- Born: 27 January 1757 Turin
- Died: 9 November 1819 (aged 62) Madrid
- Conflicts: American Revolutionary War War of the Pyrenees Peninsular War

= Juan Pignatelli =

Italian-born Spanish army officer (1757–1819)

Juan Domingo Pignatelli de Aragón y de Gonzaga, 6th Duke of Solferino, 19th Count of Fuentes (27 January 1757 – 9 November 1819) was a Spanish Army officer and nobleman.

==Early career==
After studying at the Real Seminario de Nobles de Madrid, Pignatelli enlisted in 1773 as a cadet in the Spanish Royal Guard (Guardias de Corps). In 1779 he was attached as colonel to the Montesa Cavalry Regiment, seeing action at Gibraltar during the American Revolutionary War.

In 1793, during the War of the Pyrenees, he was promoted to field marshal and in 1795 appointed commander-in-chief of the coast of Santander (Comandante General de Toda la Costa de Santander).

Pignatelli was appointed military governor of Zamora in 1801.

He was promoted, in October 1802, to lieutenant general in the same promotion as other notable Spanish military commanders of the Spanish armies during the Peninsular War, including the Duke of the Infantado, Manuel Lapeña, Juan Carrafa, Francisco Castaños, Francisco Taranco, Francisco Eguía, and Arturo O'Neill, among others.

==Peninsular War==

===1808===
In May, Lieutenant general Pignatelli was still governor of Zamora and on 30 September, he was appointed commander-in-chief of the Spanish forces in Old Castile.

By mid-October, Pignatelli, based at Logroño, commanded the army of Castile, having substituted Eguia, who was ill. This was, by far, the largest division of Spain's Army of the centre, with 10,000 infantry, 1,500 cavalry, and 14 guns.

Later that month, Castaños dismissed Pignatelli for having retreated from Logroño before Ney's troops and abandoning all his guns at the foot of the mountains around Nalda. His troops were redistributed among the divisions of Grimarest, La Peña, and Llamas, and a brigade of six battalions under Cartaojal, which was then sent back and managed to recover the abandoned guns.

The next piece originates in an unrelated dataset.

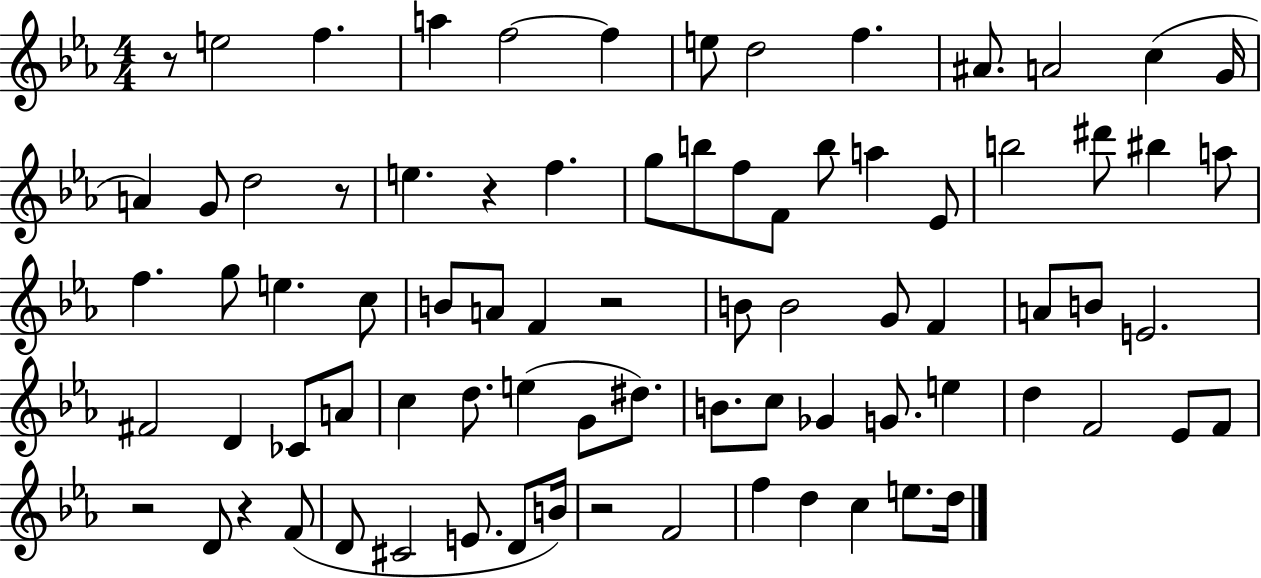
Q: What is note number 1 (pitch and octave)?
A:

In December, the Junta Suprema ordered Marquis de La Romana to dismiss Pignatelli from the post of captain general of Old Castile and to court-martial him for the "scandalous and cowardly abandonment of Valladolid and Avila". As it was not clear if La Romana received the order or if he decided not to act on it, the Junta would repeat the order the following February.

===1809===
By the end of January Pignatelli, still captain general of Old Castile, had raised a new regiment, the Volunteers of Avila, which he sent to supplement the under-manned garrison at Ciudad Rodrigo.

===1810===
In November, the Regency absolved Pignatelli, by then no longer governor of Zamora, of having abandoned Valladolid and Avila to their fate before the enemy.